OBJECTIVES:This study describes the echocardiographic methods and outcomes from the CLASP IID trial and analyzes baseline variables associated with residual mitral regurgitation (MR) ≤1+.
METHODS:An independent echocardiographic core laboratory assessed echocardiographic parameters based on American Society of Echocardiography guidelines focusing on MR mechanism, severity, and feasibility of M-TEER. Factors associated with residual MR ≤1+ were identified using logistic regression.
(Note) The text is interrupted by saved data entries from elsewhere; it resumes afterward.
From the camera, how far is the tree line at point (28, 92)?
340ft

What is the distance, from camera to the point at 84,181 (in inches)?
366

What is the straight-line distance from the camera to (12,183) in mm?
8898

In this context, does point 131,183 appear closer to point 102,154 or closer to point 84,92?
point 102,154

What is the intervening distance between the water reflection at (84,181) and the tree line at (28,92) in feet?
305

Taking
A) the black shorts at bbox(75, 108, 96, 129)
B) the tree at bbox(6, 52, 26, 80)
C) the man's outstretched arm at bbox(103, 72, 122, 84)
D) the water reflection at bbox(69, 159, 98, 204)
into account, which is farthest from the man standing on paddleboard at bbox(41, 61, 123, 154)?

RESULTS:In 180 randomized patients, baseline echocardiographic parameters were well matched between the PASCAL (n = 117) and MitraClip (n = 63) groups, with flail leaflets present in 79.2% of patients. Baseline MR was 4+ in 76.4% and 3+ in 23.6% of patients. All patients achieved MR ≤2+ at discharge. The proportion of patients with MR ≤1+ was similar in both groups at discharge but diverged at 6 months, favoring PASCAL (83.7% vs 71.2%). Overall, patients with a smaller flail gap were significantly more likely to achieve MR ≤1+ at discharge (adjusted OR: 0.70; 95% CI: 0.50-0.99). Patients treated with PASCAL and those with a smaller flail gap were significantly more likely to sustain MR ≤1+ to 6 months (adjusted OR: 2.72 and 0.76; 95% CI: 1.08-6.89 and 0.60-0.98, respectively).
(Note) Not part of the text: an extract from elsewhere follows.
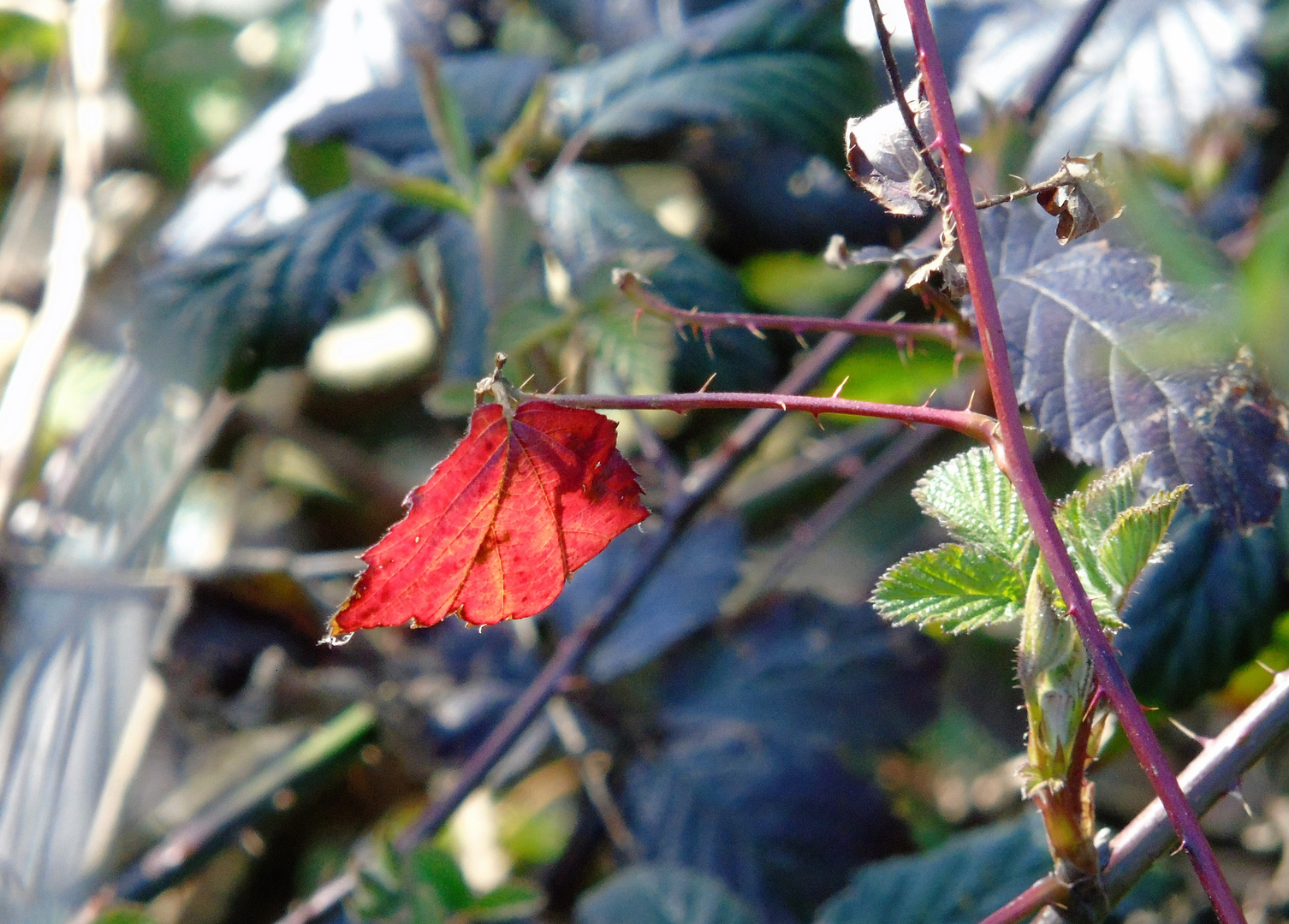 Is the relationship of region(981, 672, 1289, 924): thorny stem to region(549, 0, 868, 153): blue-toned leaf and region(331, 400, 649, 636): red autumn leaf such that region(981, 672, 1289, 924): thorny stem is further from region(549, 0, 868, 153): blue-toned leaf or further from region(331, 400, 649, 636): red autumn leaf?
region(549, 0, 868, 153): blue-toned leaf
CONCLUSIONS:The study used DMR-specific echocardiographic methodology for M-TEER reflecting current guidelines and advances in 3-dimensional echocardiography. Treatment with PASCAL and a smaller flail gap were significant factors in sustaining MR ≤1+ to 6 months. Results demonstrate that MR ≤1+ is an achievable benchmark for successful M-TEER. (Edwards PASCAL TrAnScatheter Valve RePair System Pivotal Clinical Trial [CLASP IID]; NCT03706833).